> [PROBLEM STATEMENT] Leave out all pictures while you copy the lines exactly from the one with "White - Chic" through the last line of the listing.

> [DATA SHOWN]
------------------------------

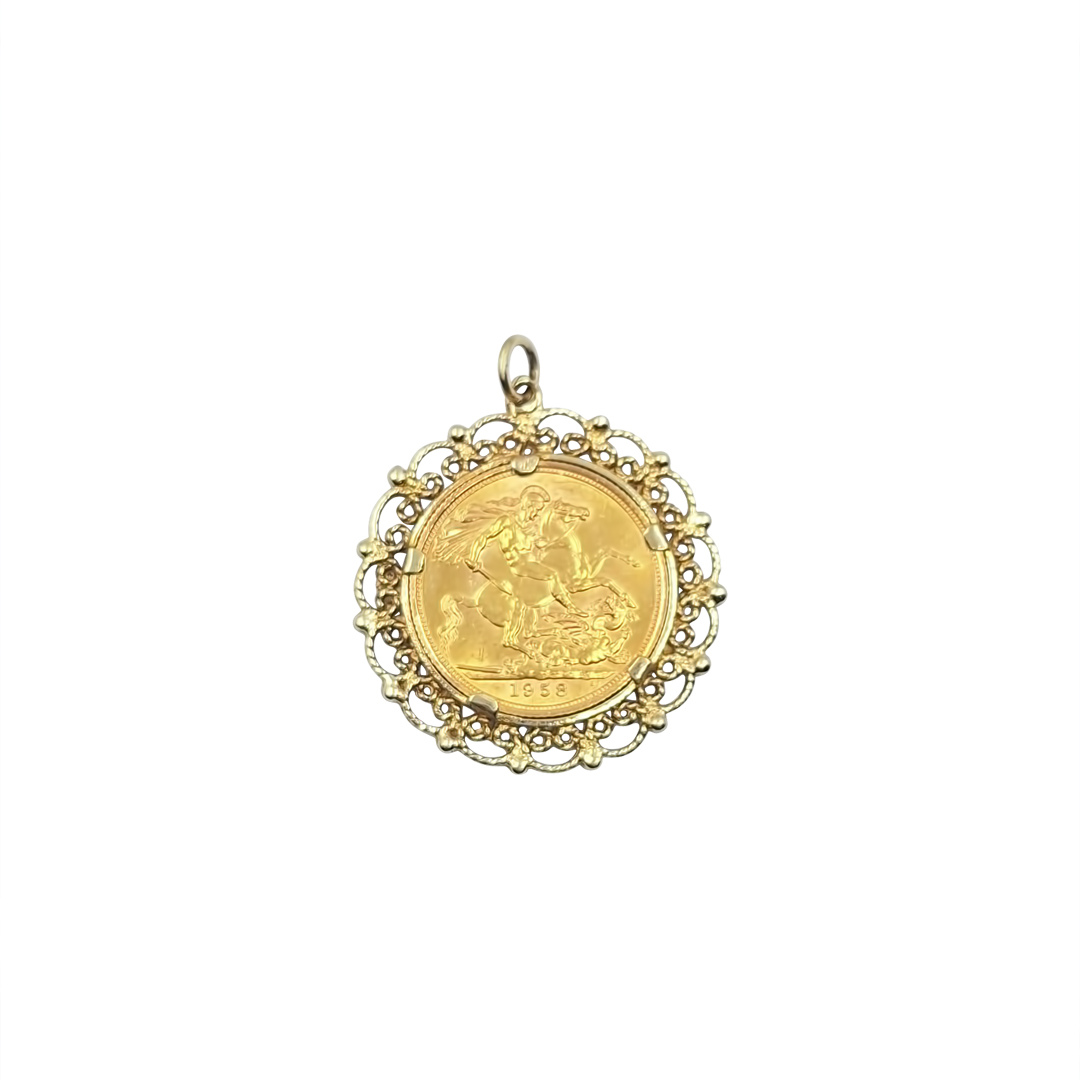 Full Sovereign Pendant 1958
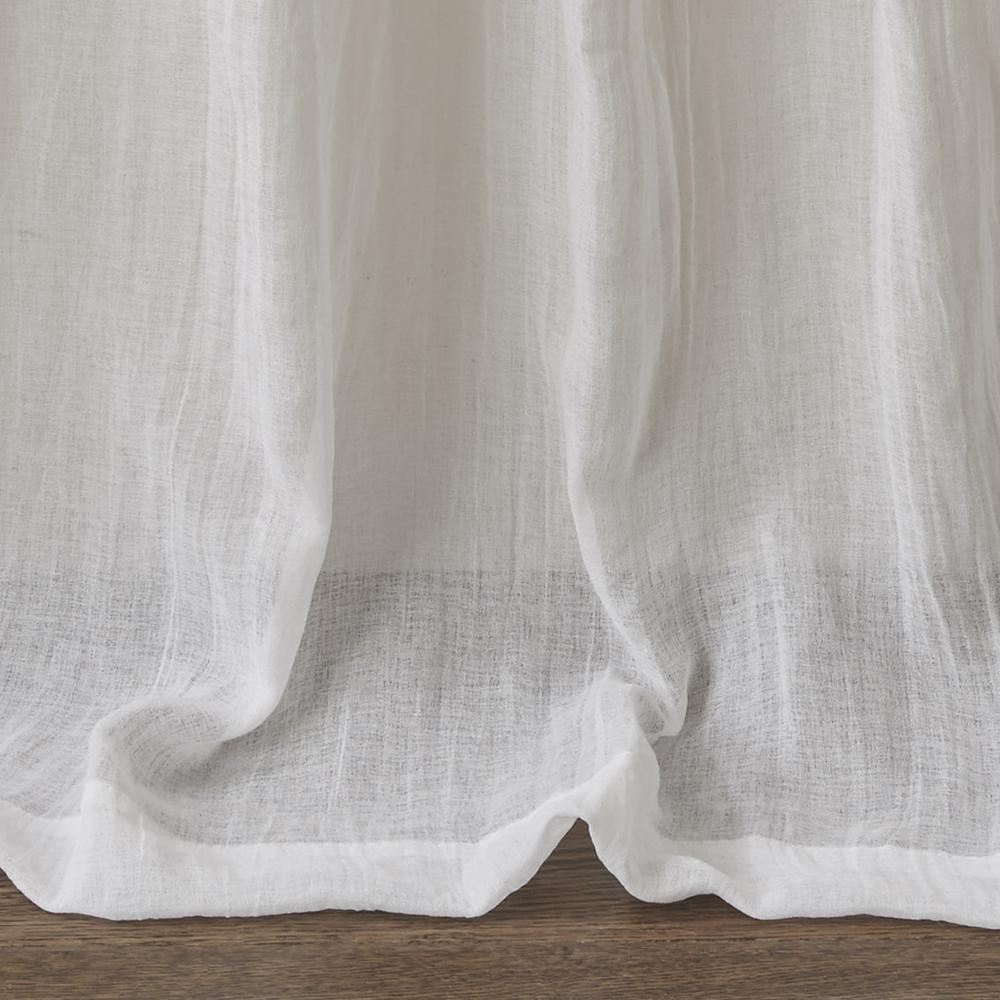 White - Chic Crushed Sheer Curtain Panel Pair (95")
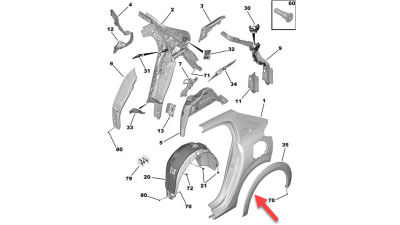 Bandou aripa spate PEUGEOT 208, 06.2019-, partea dreapta, Negru stralucitor, modele GT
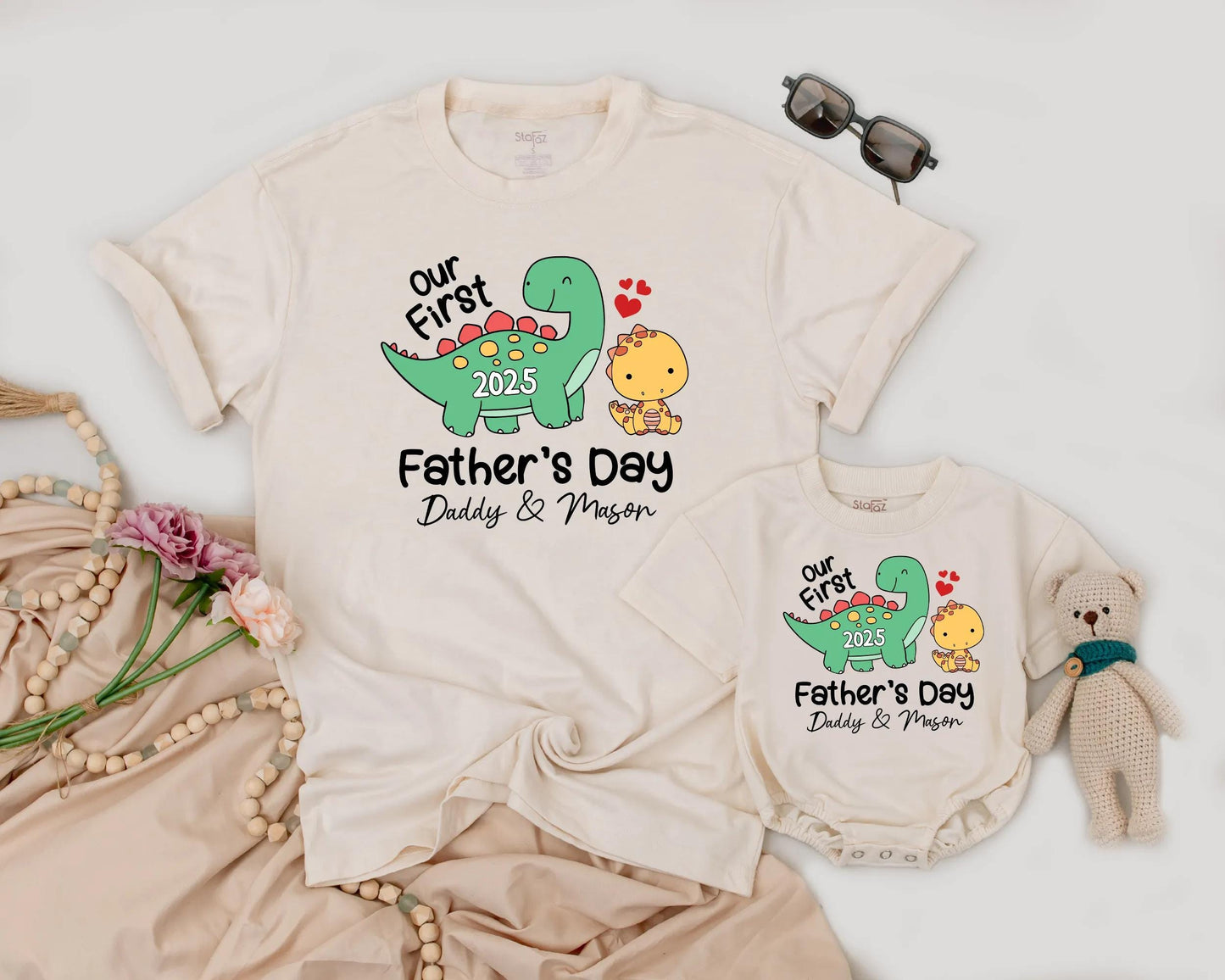 Personalized Our First Father's Day Dinosaur Matching Daddy & Baby Outfit 2025, Dino Romper, Cute Gift Boy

------------------------------

> [TASK RESPONSE]
 White - Chic Crushed Sheer Curtain Panel Pair (95")
 Bandou aripa spate PEUGEOT 208, 06.2019-, partea dreapta, Negru stralucitor, modele GT
 Personalized Our First Father's Day Dinosaur Matching Daddy & Baby Outfit 2025, Dino Romper, Cute Gift Boy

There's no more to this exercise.